Trust is the intangible glue that binds companies and their customers. It’s the unwritten contract that ensures consumers keep engaging with their suppliers. Without trust, businesses cannot hope to survive.
Key to winning trust is openness. In business as in life, a willingness to divulge close information -- however uncomfortable – helps strengthen relationships. Secrecy, on the other hand, allows suspicion to fester and undermines alliances.
As the broader business environment has strengthened those bonds of trust by yielding to demands for more transparency and accountability, and better corporate governance, some parts of the shipping and bunkering industry remain guarded and secretive. The fact is, they can’t afford to be. Openness on details of beneficial control, strategy, financial performance and credit history, offers a competitive advantage in dealing with increasingly selective counterparties that enables a risk-adjusted premium to be secured for some, and critical access to liquidity for others.
Transparency has long been a dirty word in shipping. Acquiesced by a trading community parts of which are willing to tolerate poor practices in the name of keeping trade moving, even the biggest players have either kept something hidden or survived on a system of insider discretion to get deals done. In certain areas of the marine industry, business practices have been at best opaque, at worst, criminal.
Consequently, stakeholders and the public have – often rightly – regarded shipping with suspicion. The traditional (i.e. post 1960s) structures of the sector, flags of convenience, high-profile entrepreneurs and equally high-profile defaults, all reinforce a notion that some parts of the sector still wilfully operate in grey areas, knowing that the arm of the law isn’t long enough to reach them in offshore or legally “challenging” jurisdictions.
The fact that’s still the case should be cause for concern among shipping executives because, simply put, times have changed.

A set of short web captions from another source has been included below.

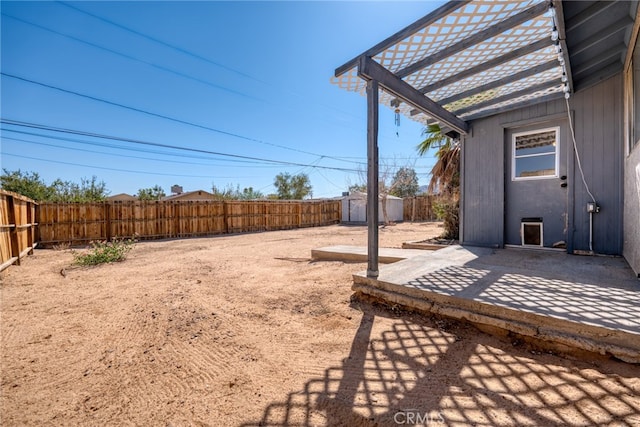 view of yard featuring a patio and a storage shed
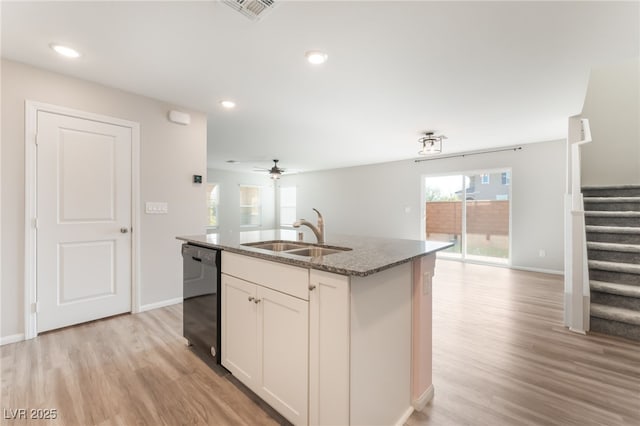 1102 E Dorrell Ln, North Las Vegas, NV 89086 - kitchen featuring dishwasher, light wood finished floors, open floor plan, dark stone counters, and recessed lighting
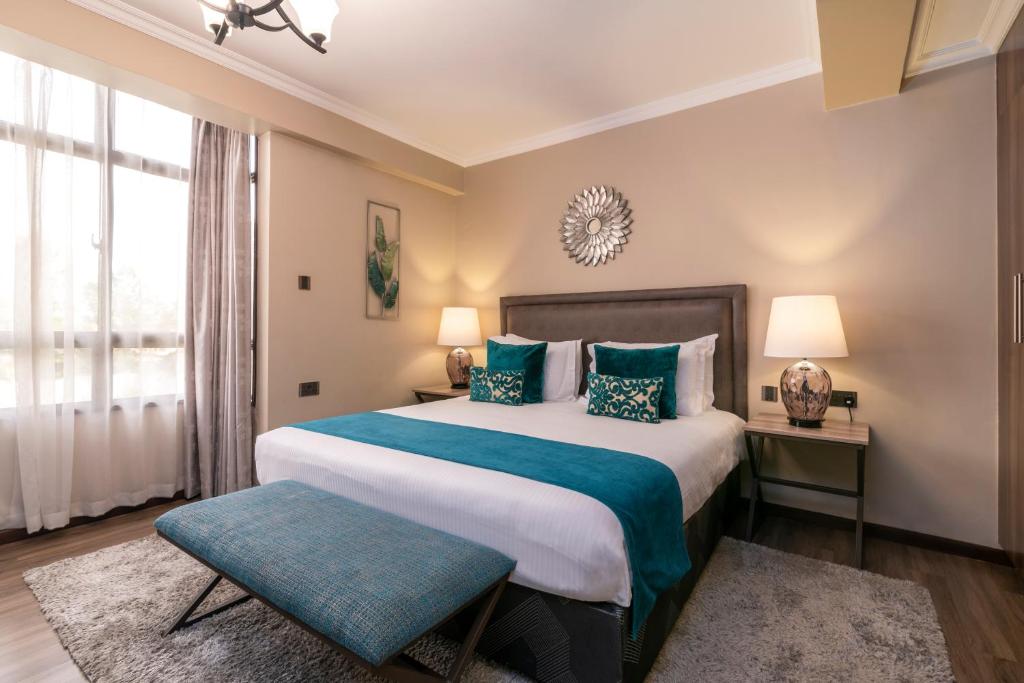 Een bed of bedden in een kamer bij Fair Acres Boutique Hotel Karen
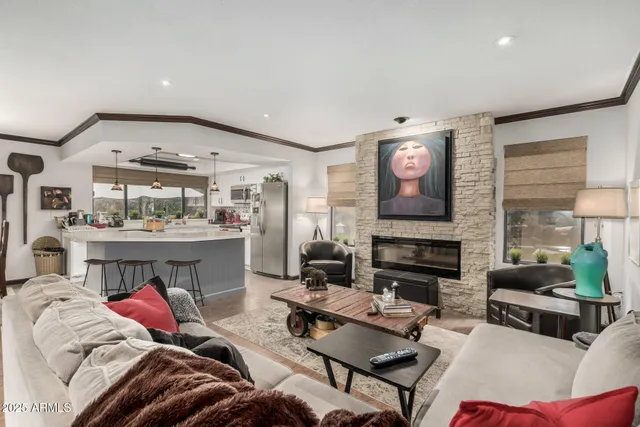 a living room with furniture and a fireplace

While emerging technologies such as blockchain and smart contracts seek to enforce the transparency and security of transactions, economic uncertainty, depressed earnings, stymied cash flow and tougher regulations have forced business decision makers to move beyond these tools, and consider more seriously the creditworthiness and compliance records of the companies they trade with. Further accelerating the disruption of old practices are growing demands for better corporate governance, fostered largely by exposés of corruption such as those of the Panama and Paradise Papers, and governmental initiatives such as MiFID II.
These changes have raised the expectation that shipping and bunkering companies fall into line with other industries and open up their activities to wider scrutiny. As a means of restoring and maintaining bonds of trust, increased transparency has become not only a competitive advantage, it’s become mission critical.

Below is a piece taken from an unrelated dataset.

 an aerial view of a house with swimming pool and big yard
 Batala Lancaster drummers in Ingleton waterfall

Indeed, a proactive transformation towards more transparency will be rewarded reputationally, boosting the perception of a company’s professionalism and competence. Even better, change can be made without blunting a company’s competitive edge or compromising the limitations of liability.
Stakeholders would welcome details on complex corporate structures, managerial experience and reliance on key trading partners. Openness on audited financials, available capital and buffers, access to liquidity and credit as well as records on success in meeting obligations would further strengthen a company’s perception of good stewardship.
As the global economy becomes more open, a lack of transparency is increasingly seen as a financial and reputational risk that counterparties are unwilling to take. Large, regulated companies with reputations to protect won’t shy away from using their financial clout to demand greater clarity from their trading partners. If they don’t get what they want, they’ll walk away to a competitor that is more transparent.
From a purely transactional point of view and in the name of an efficient and functioning market, shipping companies cannot afford to be complacent. The industry already has a reputational problem and as the business environment gets tighter, clinging to the old opaque ways of doing things is no longer an option. Transformation isn’t impossible. With authorised and expert analysis, companies can begin making the changes necessary for their survival right now.
It’s not too late for the shipping and commodities industries to satisfy the demands of the reshaped business environment.